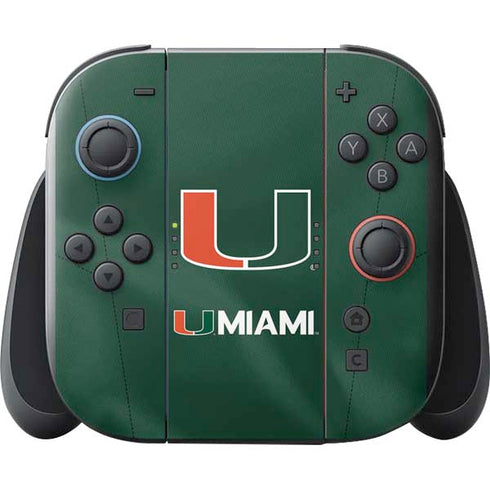 University of Miami Green Jersey Nintendo Switch 2 (2025) with Joy-Con Skin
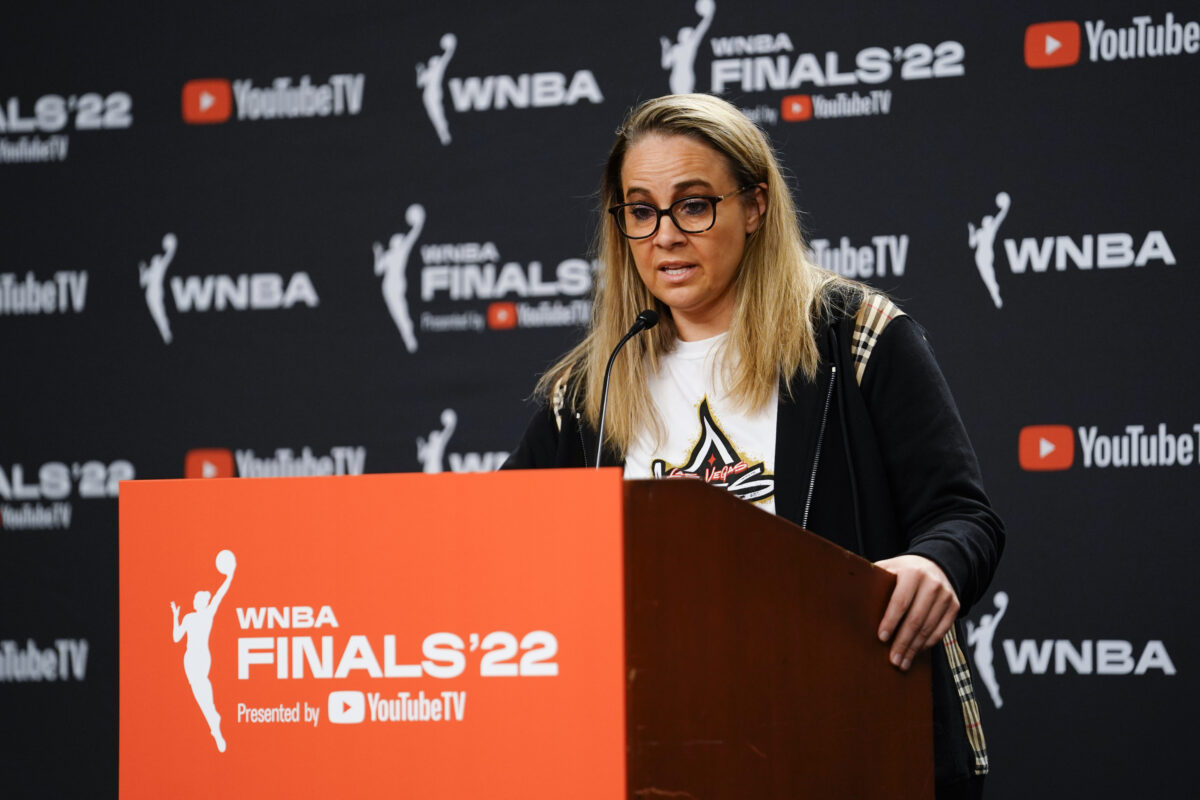 Las Vegas Aces head coach Becky Hammon focused on WNBA season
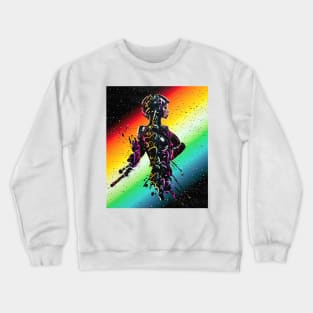 Splash Space Queen Crewneck Sweatshirt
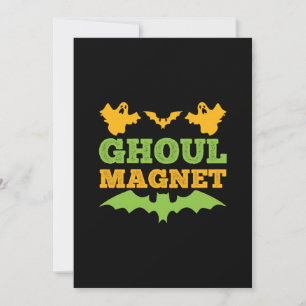 Halloween Ghoul Magnet Geburtstag Einladung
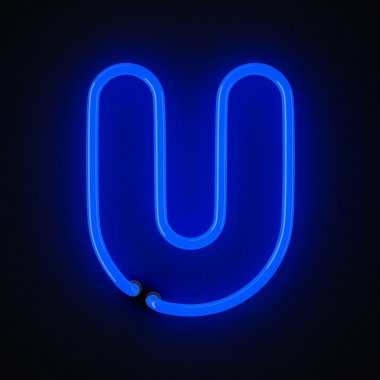 Neon harf u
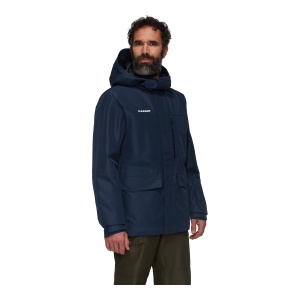 Geaca Schi Barbati Mammut Fall Line HS Thermo Hooded Navy - Img 2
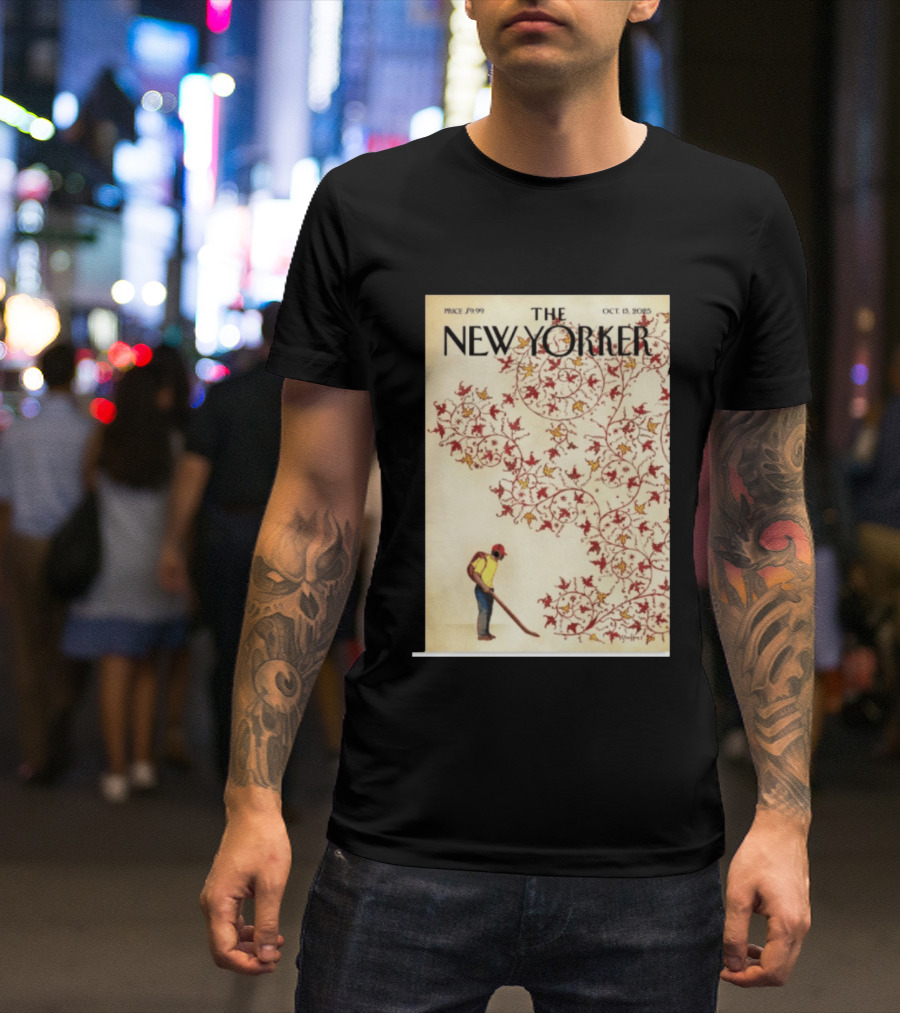 The New Yorker October 13 2025 Brian Stauffer Winds Of Change Vintage Cover T-Shirt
━━━━━━━━━━━━━━━━━━━━━━━━━━━━━━
Once the line containing "Splash Space Queen Crewneck Sweatshirt" has been found, write out exactly that line and each one after it through the end of the data, leaving out every picture.

 Splash Space Queen Crewneck Sweatshirt
 Halloween Ghoul Magnet Geburtstag Einladung
 Neon harf u
 Geaca Schi Barbati Mammut Fall Line HS Thermo Hooded Navy - Img 2
 The New Yorker October 13 2025 Brian Stauffer Winds Of Change Vintage Cover T-Shirt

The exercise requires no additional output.